**TASK**
With pictures left out, copy exactly every line from the one containing "John Fluevog Black" through the end of the material.

**MATERIAL PROVIDED**
Segment Open

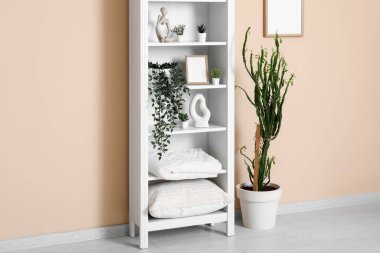 Resim çerçeveli şık bir oda, raf ünitesi ve bej duvarın yanındaki ev bitkileri.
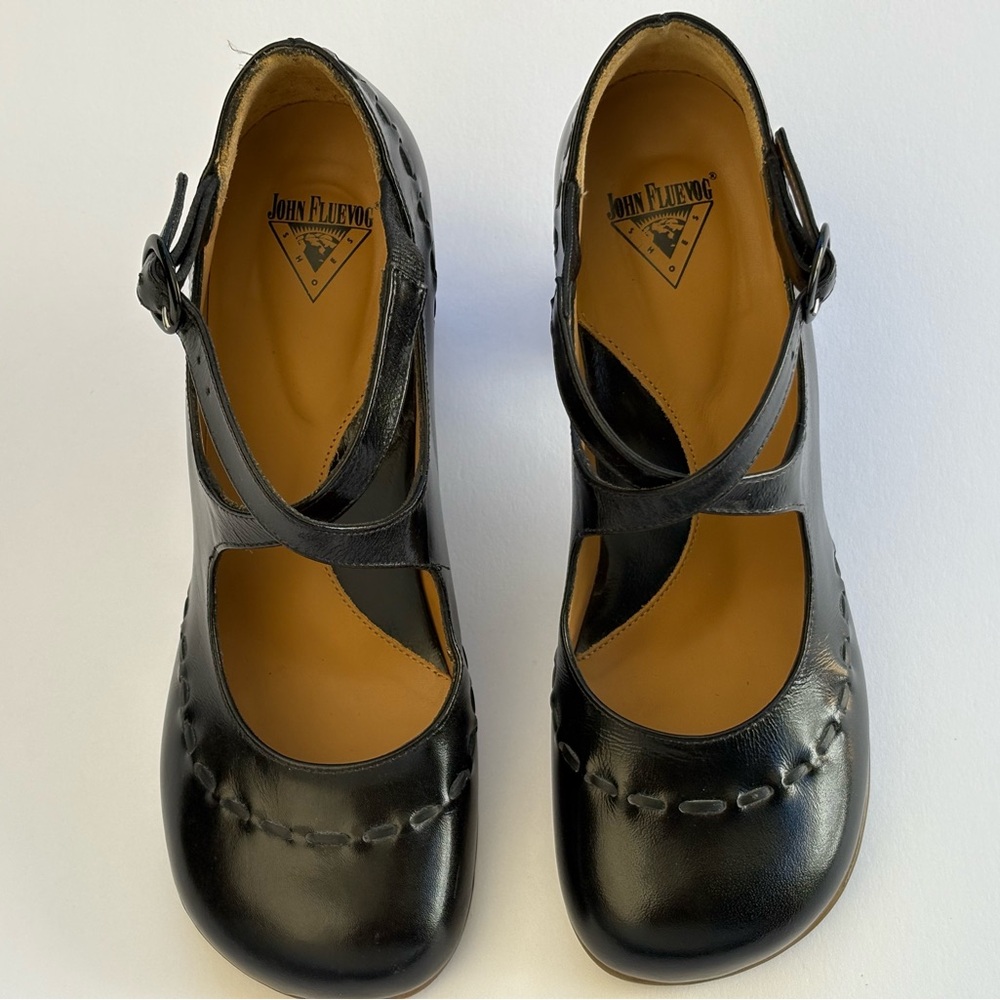 John Fluevog Black Leather Mary Janes Operetta Malibran Shoe Womens 8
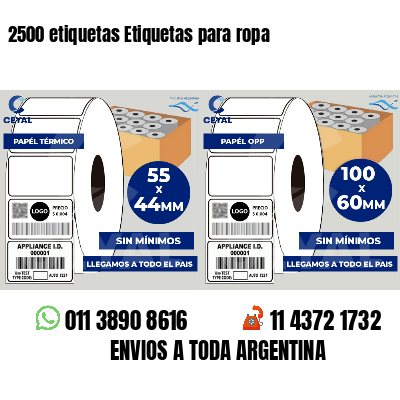 2500 etiquetas Etiquetas para ropa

Segment Closed

**RESULT FOR THIS EXERCISE**
 John Fluevog Black Leather Mary Janes Operetta Malibran Shoe Womens 8
 2500 etiquetas Etiquetas para ropa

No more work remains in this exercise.